======== RECORDS SHOWN ========

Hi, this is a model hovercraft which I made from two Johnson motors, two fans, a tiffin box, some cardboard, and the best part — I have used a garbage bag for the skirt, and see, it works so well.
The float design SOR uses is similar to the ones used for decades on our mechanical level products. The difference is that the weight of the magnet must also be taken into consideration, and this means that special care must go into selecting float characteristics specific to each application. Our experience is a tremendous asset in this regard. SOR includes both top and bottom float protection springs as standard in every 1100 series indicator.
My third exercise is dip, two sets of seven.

========
======== RECORDS SHOWN ========

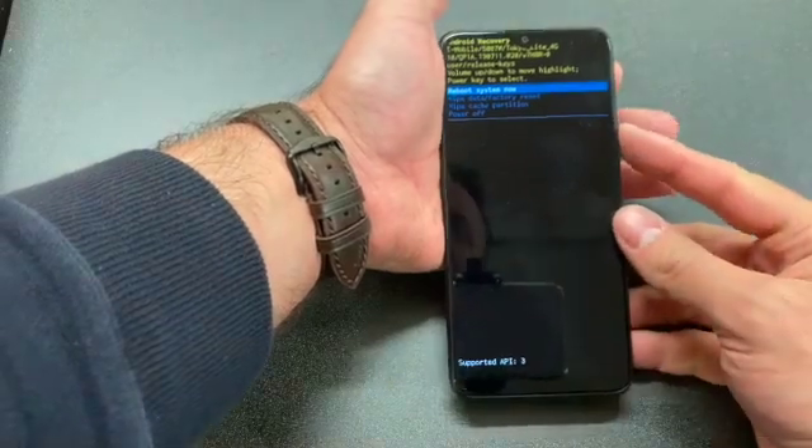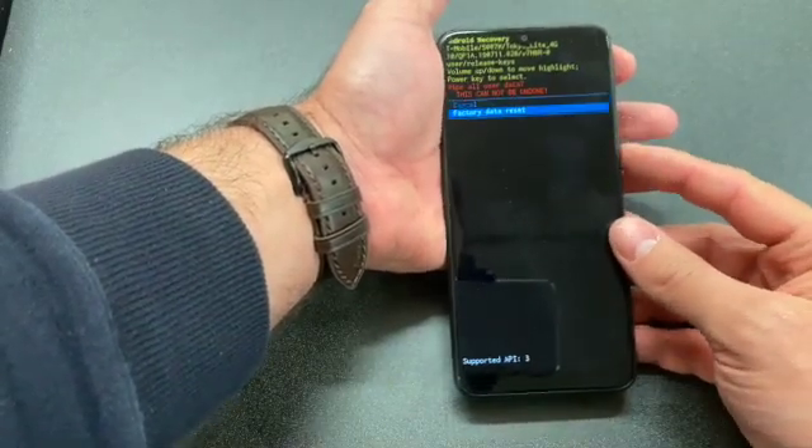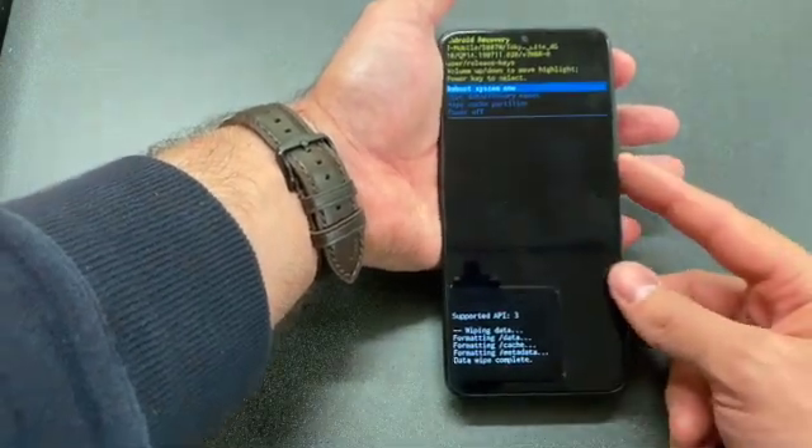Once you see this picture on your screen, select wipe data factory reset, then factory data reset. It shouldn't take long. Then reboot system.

========

> _TASK DETAILS_:
Give an exact copy of the lines above from the line with "The float design" up to and including the line with "My third exercise is dip, two sets of seven.", and leave everything else out.

> _RESPONSE TO THIS EXERCISE_:
The float design SOR uses is similar to the ones used for decades on our mechanical level products. The difference is that the weight of the magnet must also be taken into consideration, and this means that special care must go into selecting float characteristics specific to each application. Our experience is a tremendous asset in this regard. SOR includes both top and bottom float protection springs as standard in every 1100 series indicator.
My third exercise is dip, two sets of seven.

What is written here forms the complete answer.